• Work required: Where does the string "Gold" appear in the material? Copy each line that holds it.

• Raw data:
[Start of section]

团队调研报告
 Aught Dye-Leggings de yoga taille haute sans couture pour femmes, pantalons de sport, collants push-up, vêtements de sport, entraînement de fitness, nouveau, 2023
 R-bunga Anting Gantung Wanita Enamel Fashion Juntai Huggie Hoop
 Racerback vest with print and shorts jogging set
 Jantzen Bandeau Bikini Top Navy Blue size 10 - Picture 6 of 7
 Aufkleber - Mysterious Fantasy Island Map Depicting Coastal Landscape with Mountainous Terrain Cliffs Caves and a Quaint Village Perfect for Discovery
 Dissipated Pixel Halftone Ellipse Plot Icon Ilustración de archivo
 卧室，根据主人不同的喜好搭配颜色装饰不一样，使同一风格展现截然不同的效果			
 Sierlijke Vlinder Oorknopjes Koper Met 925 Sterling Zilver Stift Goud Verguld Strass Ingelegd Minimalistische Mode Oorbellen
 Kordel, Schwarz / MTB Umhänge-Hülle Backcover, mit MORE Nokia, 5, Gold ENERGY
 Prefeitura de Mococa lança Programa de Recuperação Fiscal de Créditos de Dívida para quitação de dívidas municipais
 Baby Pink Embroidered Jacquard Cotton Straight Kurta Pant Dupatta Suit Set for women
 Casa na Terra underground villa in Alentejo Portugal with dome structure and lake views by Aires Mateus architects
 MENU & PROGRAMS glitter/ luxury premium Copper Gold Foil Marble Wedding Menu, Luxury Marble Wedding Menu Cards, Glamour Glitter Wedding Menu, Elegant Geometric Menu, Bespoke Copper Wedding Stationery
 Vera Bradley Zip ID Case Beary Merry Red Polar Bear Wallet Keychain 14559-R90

[End of section]

• Your solution:
 Kordel, Schwarz / MTB Umhänge-Hülle Backcover, mit MORE Nokia, 5, Gold ENERGY
 MENU & PROGRAMS glitter/ luxury premium Copper Gold Foil Marble Wedding Menu, Luxury Marble Wedding Menu Cards, Glamour Glitter Wedding Menu, Elegant Geometric Menu, Bespoke Copper Wedding Stationery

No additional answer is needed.